* **What is expected**
Exactly as written, please repeat the data that follows, but not the pictures.

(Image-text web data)
"""

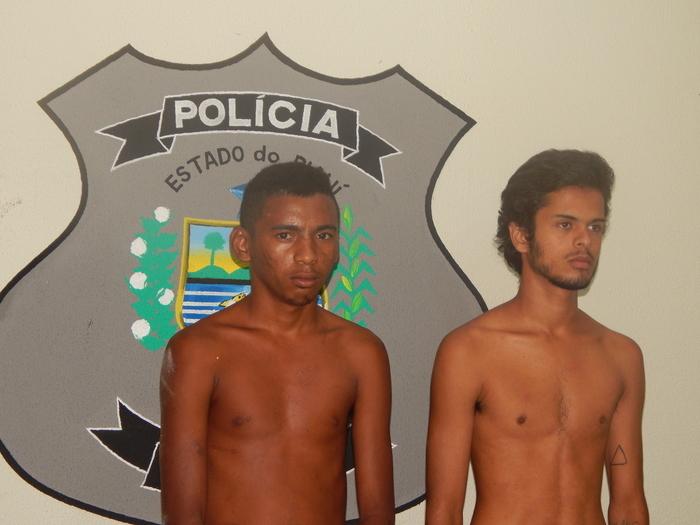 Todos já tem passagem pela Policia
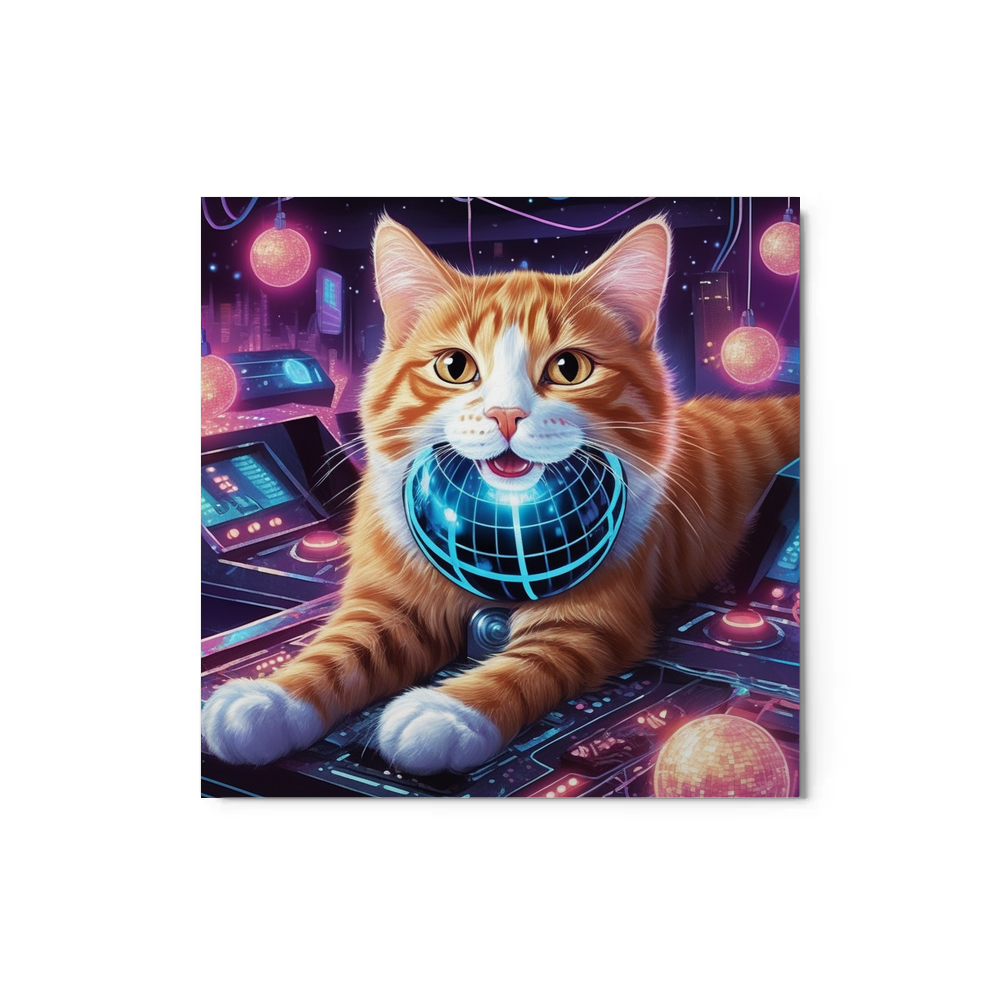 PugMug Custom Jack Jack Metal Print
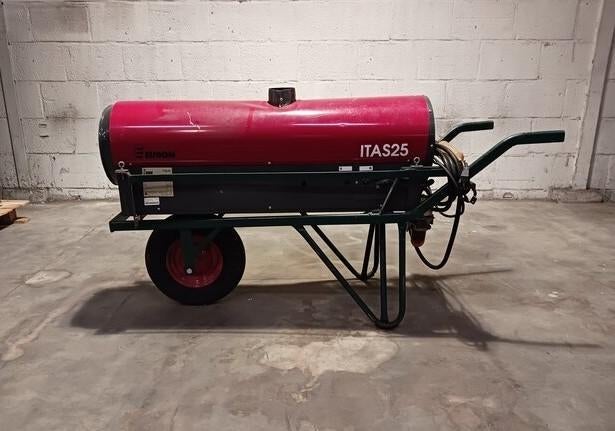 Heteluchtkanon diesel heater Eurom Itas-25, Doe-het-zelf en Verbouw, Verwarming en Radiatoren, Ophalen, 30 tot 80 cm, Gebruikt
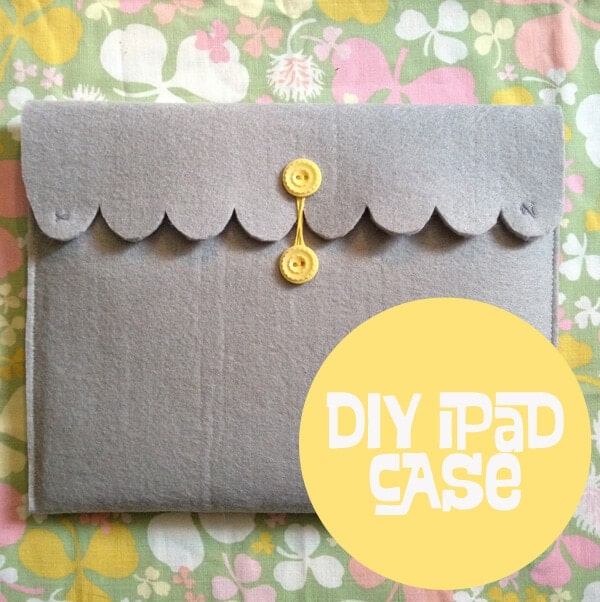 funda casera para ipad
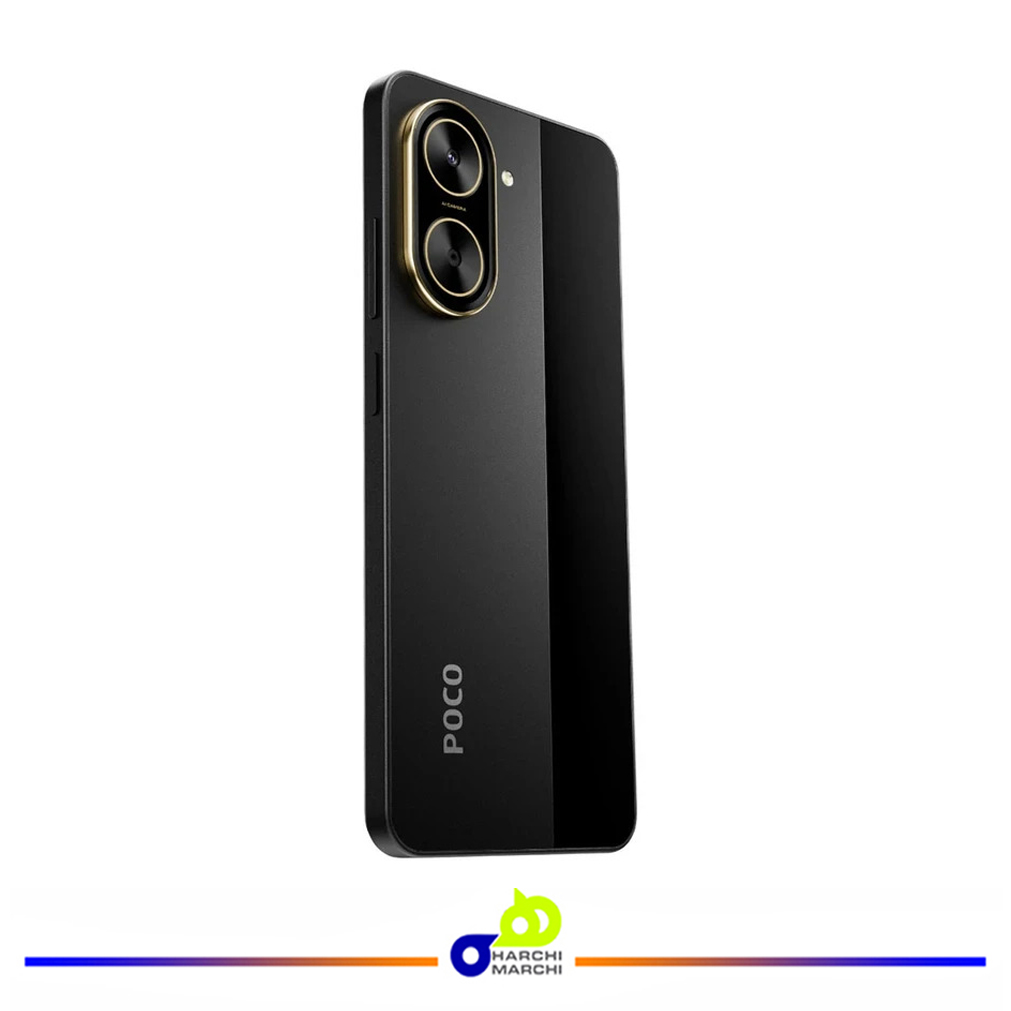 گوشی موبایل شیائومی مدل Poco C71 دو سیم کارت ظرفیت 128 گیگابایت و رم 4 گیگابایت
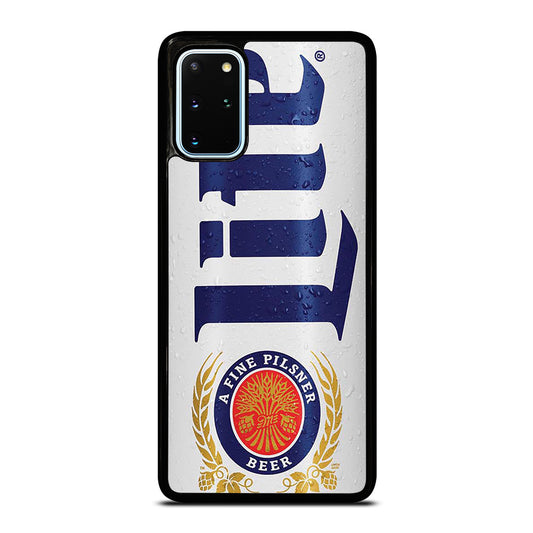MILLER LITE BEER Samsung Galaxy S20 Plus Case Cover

"""

* **Written response**
 Todos já tem passagem pela Policia
 PugMug Custom Jack Jack Metal Print
 Heteluchtkanon diesel heater Eurom Itas-25, Doe-het-zelf en Verbouw, Verwarming en Radiatoren, Ophalen, 30 tot 80 cm, Gebruikt
 funda casera para ipad
 گوشی موبایل شیائومی مدل Poco C71 دو سیم کارت ظرفیت 128 گیگابایت و رم 4 گیگابایت
MILLER LITE BEER Samsung Galaxy S20 Plus Case Cover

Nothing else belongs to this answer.